Five minutes later the same guy stops again! He explained that since I was going to Auckland he thought I would mug him or something. How is that an explanation at all, I thought to myself.
But the weird things about this 20-something guy were only just starting to be revealed to me.
He volunteered a lot of information about his history of drug use (he was sober behind the wheel), his affiliation with the Maori underground, and the international mafia in Auckland. He swore was that in the past for him and he has turned a new page in his life now.
“What do you do for a living?”, I asked. “I’m security”.
“Guarding what?”. “Prostitutes”.
A few minutes later, out of the blue, he tells me that the car is not registered, but the police won’t stop him.

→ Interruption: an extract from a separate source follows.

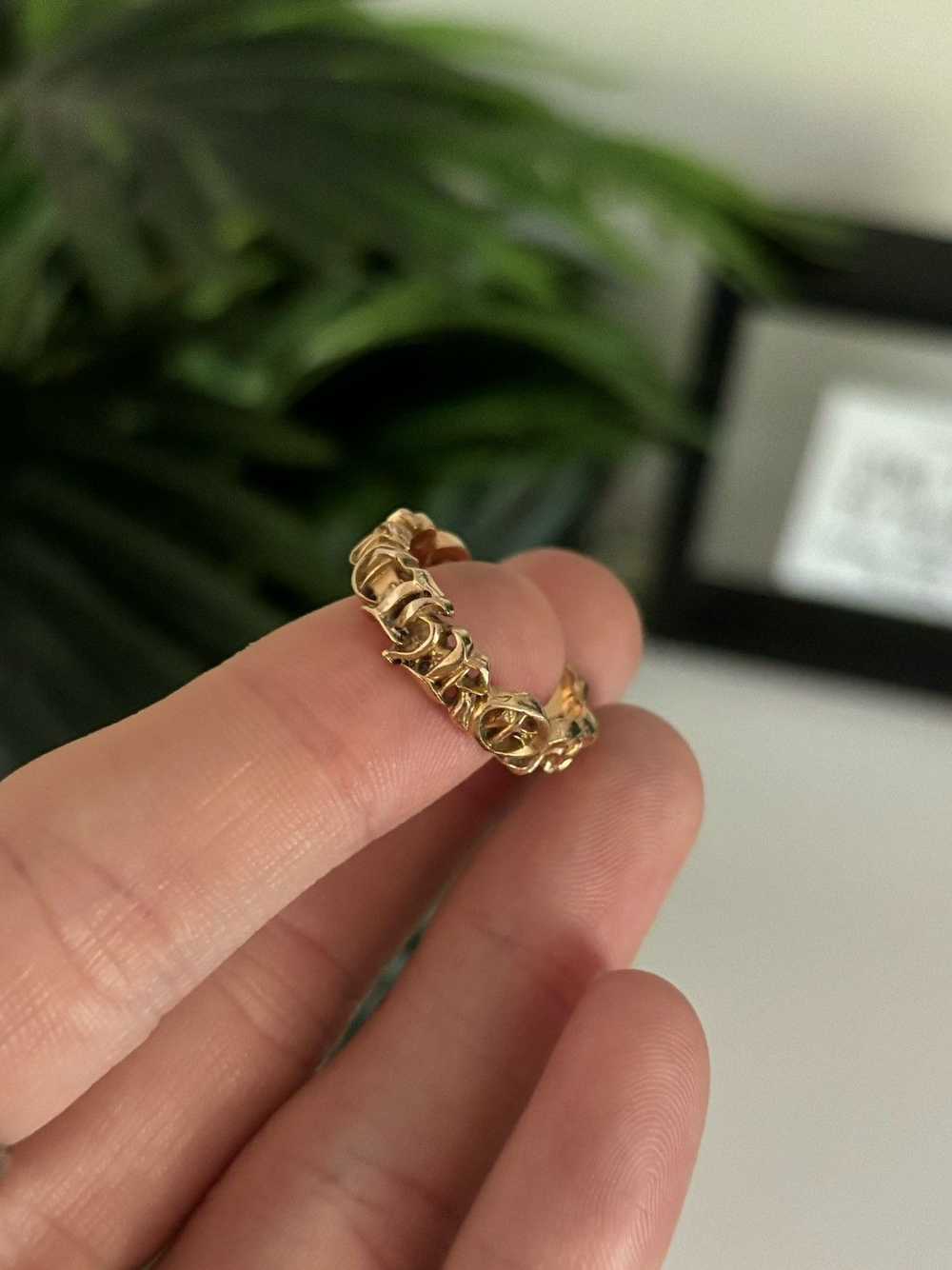 2024 SUPER RARE - SOLID 22K SPELL OUT RING - image 10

What the heck man?
He then opens the window, peels a giant magnetic label off the side of the car, and shows it to me: “Maori Wardens”.
He is one of the 800 or so Maori Wardens who help New Zealand’s police deal with crime involving the Maori community, usually in a more fatherly way, through fostering relationships.
[It turned out that the car was registered, it was just his bizarre way of introducing his Warden role]
I also learned a lot about the gangs in South Auckland – the Maoris, the Mexicans, the 501 deportees from Australia, and the Samoans whom everyone else fears.
I’ve left this ride’s safety factor undecided (??). I didn’t feel in any danger but given his criminal history and involvement with the gangs maybe I should’ve been.
Lesson 6: Hitchhiking is all about meeting colorful people and exploring the tapestry of humanity in a new place.
If you like reading funny stories of bizarre hitchhiking experiences, take a look at this one from Turkey.
I felt pretty safe hitchhiking in New Zealand. The only safety score lower than an 8 came from this one guy who gave off bad vibes and the seatbelt didn’t work.
But it’s definitely losing its appeal. For one reason or another locals stop less, there are fewer hitchhikers on the road and the public perception is irrationally that it’s dangerous.
The waiting times of more than 1 hour at some places prove just that.
But then again, I made it from Queenstown to Auckland only by hitchhiking, so I can’t complain, now can I?